● **Dataset extract**
___
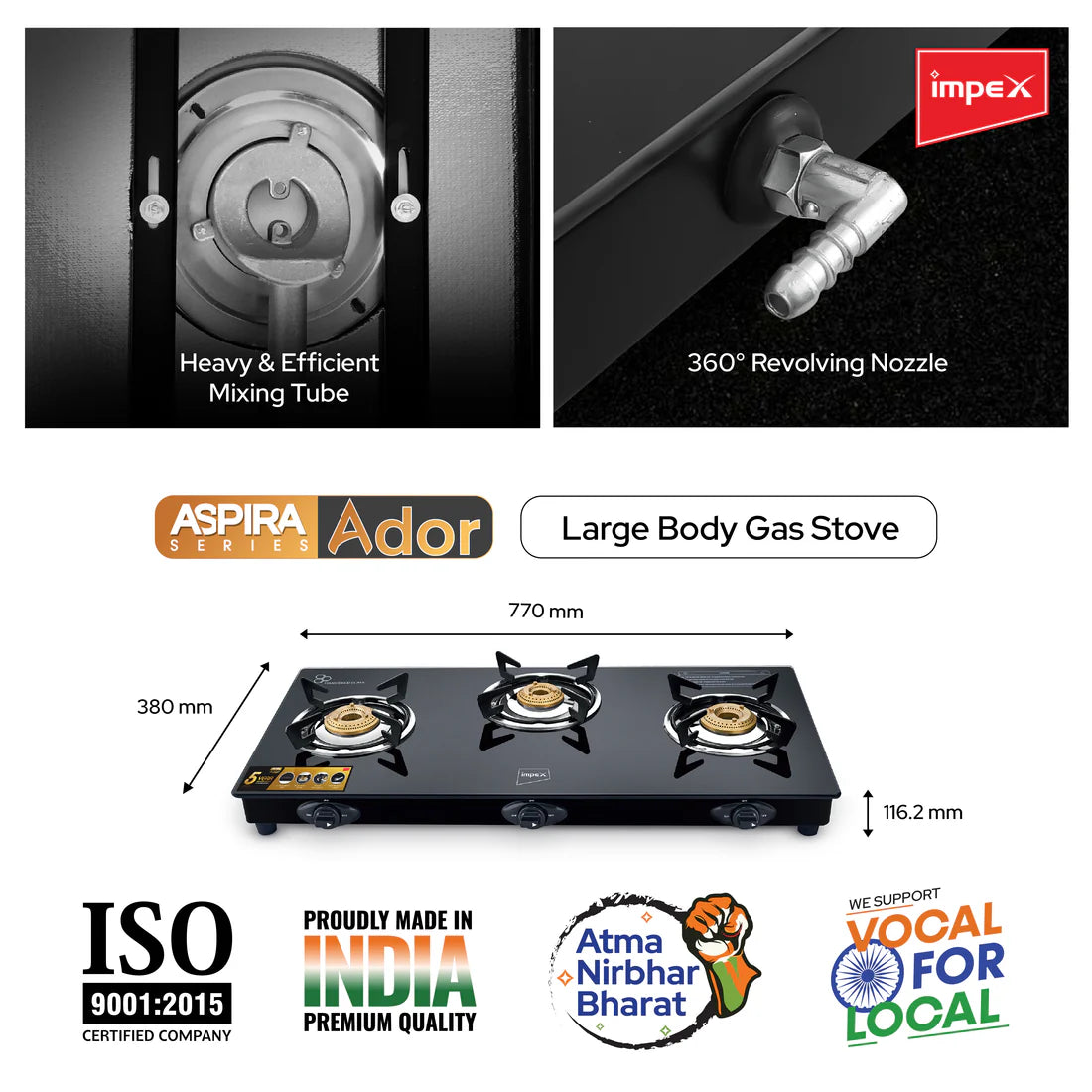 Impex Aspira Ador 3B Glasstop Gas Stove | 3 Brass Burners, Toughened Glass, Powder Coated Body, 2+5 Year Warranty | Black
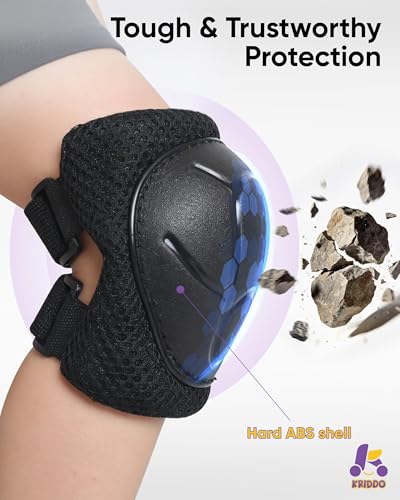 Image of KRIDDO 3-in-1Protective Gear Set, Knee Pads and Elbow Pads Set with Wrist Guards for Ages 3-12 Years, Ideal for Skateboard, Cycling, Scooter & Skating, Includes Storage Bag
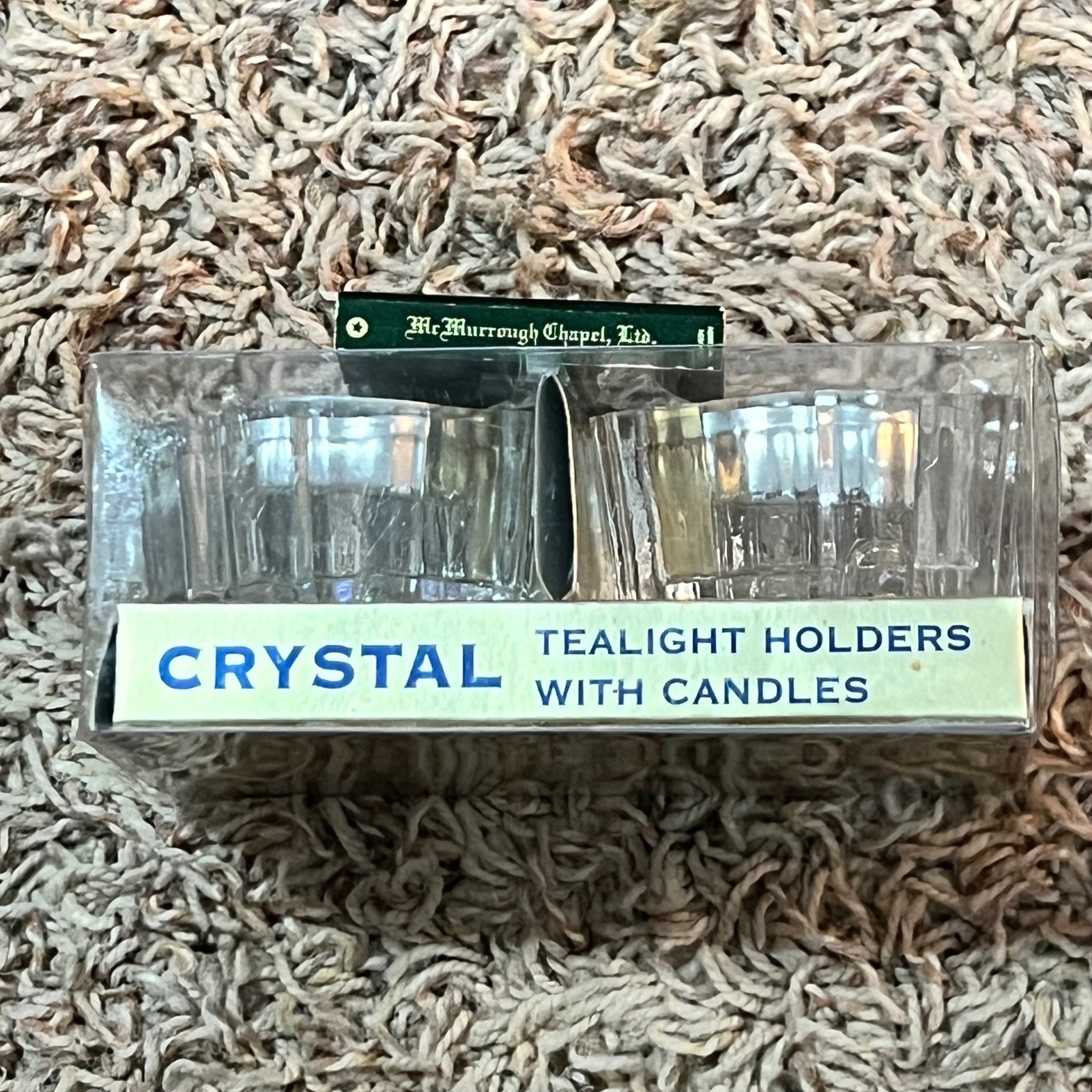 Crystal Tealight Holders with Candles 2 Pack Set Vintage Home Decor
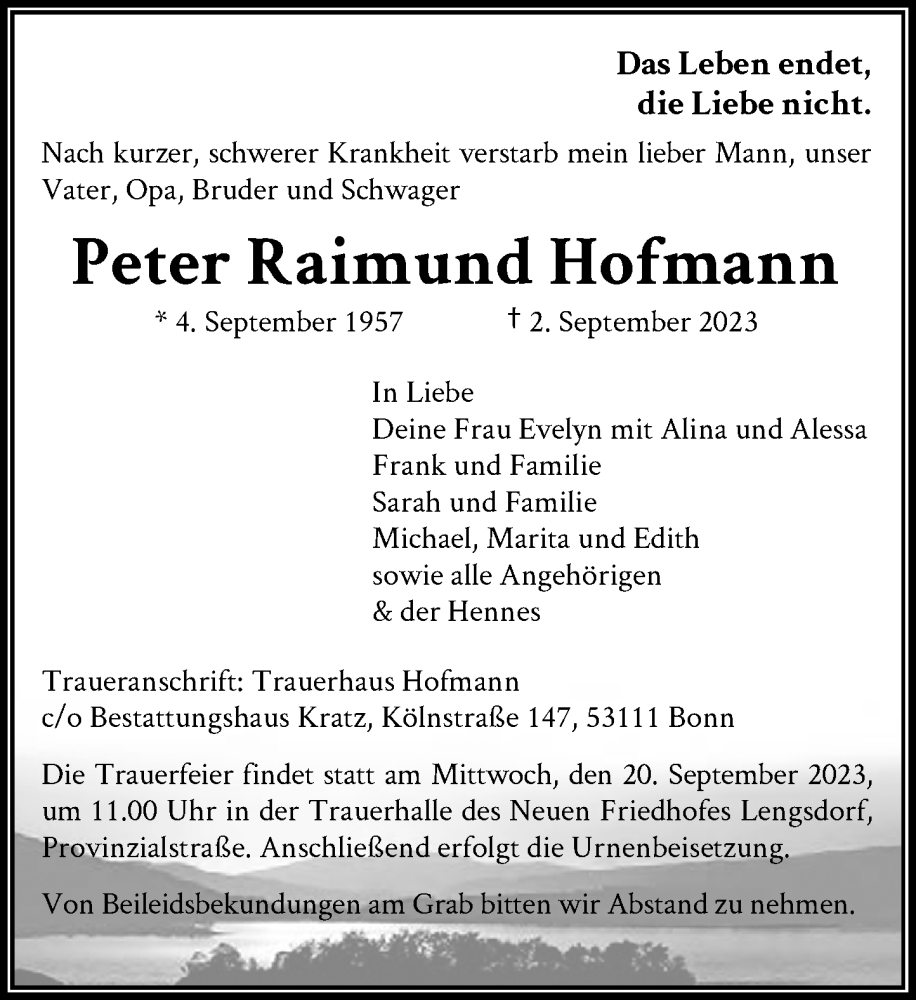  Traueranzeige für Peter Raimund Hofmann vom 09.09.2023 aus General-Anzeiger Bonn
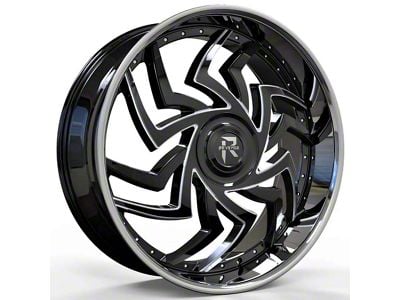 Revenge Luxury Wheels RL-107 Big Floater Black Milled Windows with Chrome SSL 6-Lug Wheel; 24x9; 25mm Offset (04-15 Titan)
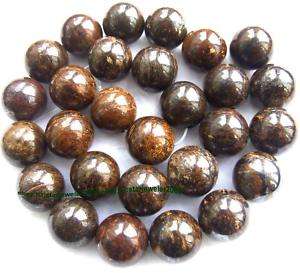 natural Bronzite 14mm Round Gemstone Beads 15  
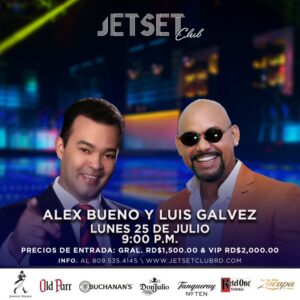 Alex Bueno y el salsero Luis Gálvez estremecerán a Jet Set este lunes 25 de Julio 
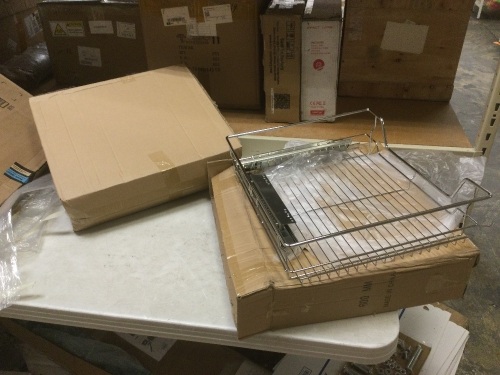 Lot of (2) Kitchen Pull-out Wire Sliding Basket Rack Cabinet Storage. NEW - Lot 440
___
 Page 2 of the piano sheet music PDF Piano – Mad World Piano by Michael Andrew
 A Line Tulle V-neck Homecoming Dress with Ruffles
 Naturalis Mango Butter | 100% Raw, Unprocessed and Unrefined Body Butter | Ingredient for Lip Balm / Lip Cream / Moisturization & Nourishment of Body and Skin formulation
___
● **What is being asked**
Taking the material above, give again exactly the lines from the one holding "Traueranzeige für Peter" through the one holding "Lot of (2) Kitchen", with both ends and without pictures.

● **Problem solution**
  Traueranzeige für Peter Raimund Hofmann vom 09.09.2023 aus General-Anzeiger Bonn
 Revenge Luxury Wheels RL-107 Big Floater Black Milled Windows with Chrome SSL 6-Lug Wheel; 24x9; 25mm Offset (04-15 Titan)
 natural Bronzite 14mm Round Gemstone Beads 15  
 Alex Bueno y el salsero Luis Gálvez estremecerán a Jet Set este lunes 25 de Julio 
 Lot of (2) Kitchen Pull-out Wire Sliding Basket Rack Cabinet Storage. NEW - Lot 440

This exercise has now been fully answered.